* _TASK REQUIREMENTS_:
Copy exactly, no pictures: every line from the one that contains "25年，你还在疯狂的找项目吗？别傻了，看完这个你都懂了【揭秘】-悟空知识星球" through the end of the entries below.

* _SUPPLIED DATA_:
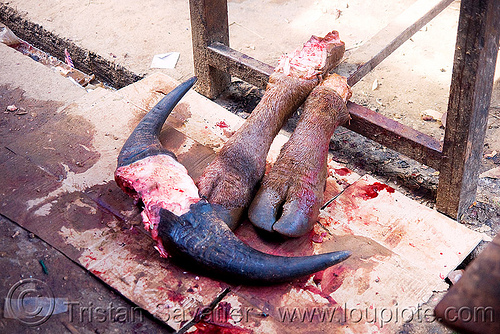 cow horns and feet in meat market (laos), beef, cow feet, cow horns, meat market, meat shop, raw meat, water buffalo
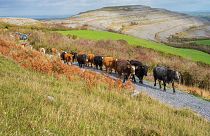 Irische Kühe auf dem Weg zur Winterweide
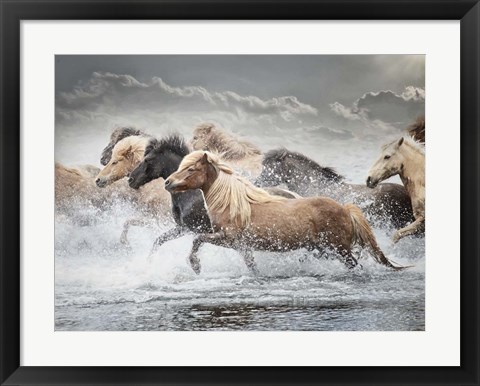 Framed Horse Run IV Print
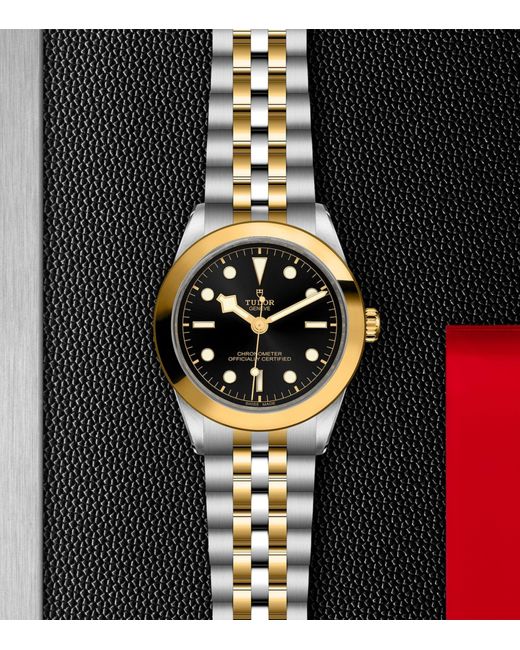 Tudor Metallic Black Bay Stainless Steel And Yellow Gold Watch 39mm for men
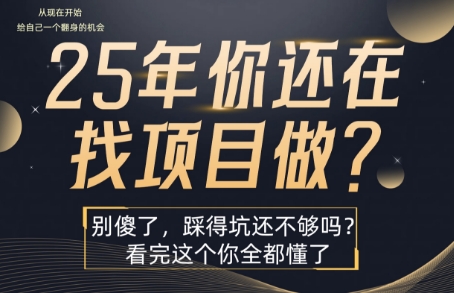 25年，你还在疯狂的找项目吗？别傻了，看完这个你都懂了【揭秘】-悟空知识星球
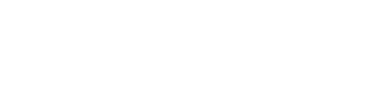 特点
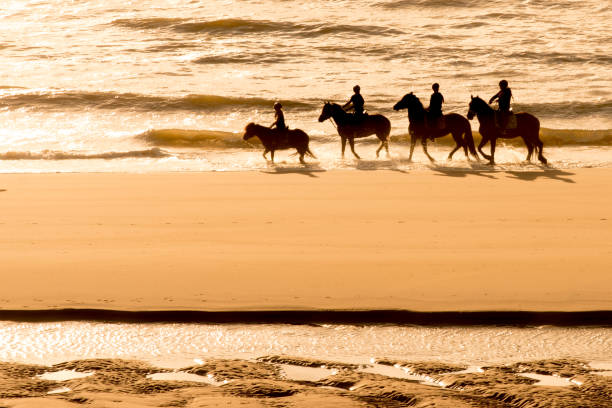 Horses running to freedom on a dusty road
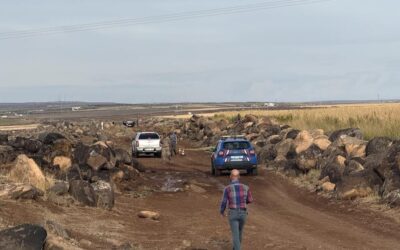 Şanlıurfa'da bulunan patlamamış top mermisi imha edildi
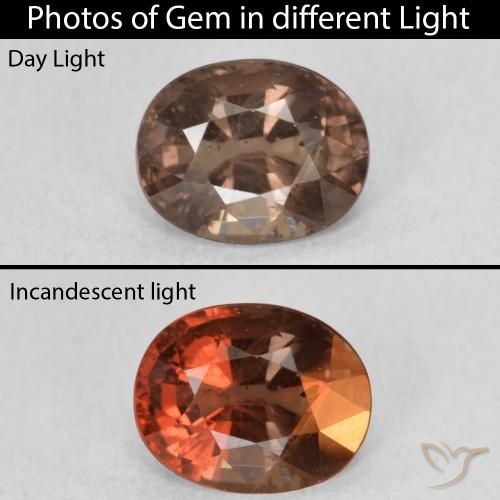 1.29ct 天然 中浅棕色 变色石榴石, 椭圆形, VS
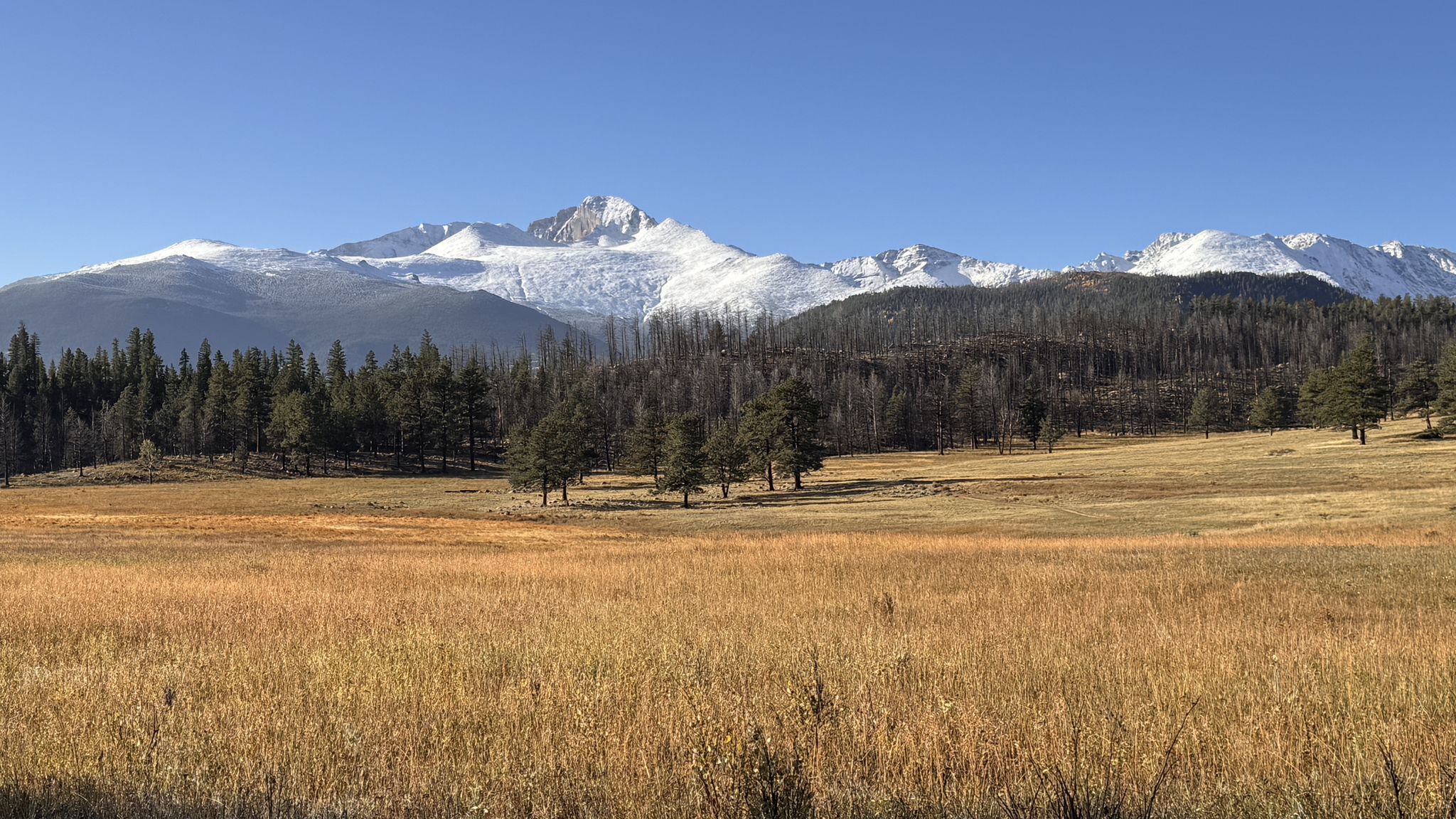 Sunny view of golden fields, green trees, and distant snow-capped mountains. - Upper Beaver Meadow Loop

* _COMPLETED EXERCISE_:
 25年，你还在疯狂的找项目吗？别傻了，看完这个你都懂了【揭秘】-悟空知识星球
 特点
 Horses running to freedom on a dusty road
 Şanlıurfa'da bulunan patlamamış top mermisi imha edildi
 1.29ct 天然 中浅棕色 变色石榴石, 椭圆形, VS
 Sunny view of golden fields, green trees, and distant snow-capped mountains. - Upper Beaver Meadow Loop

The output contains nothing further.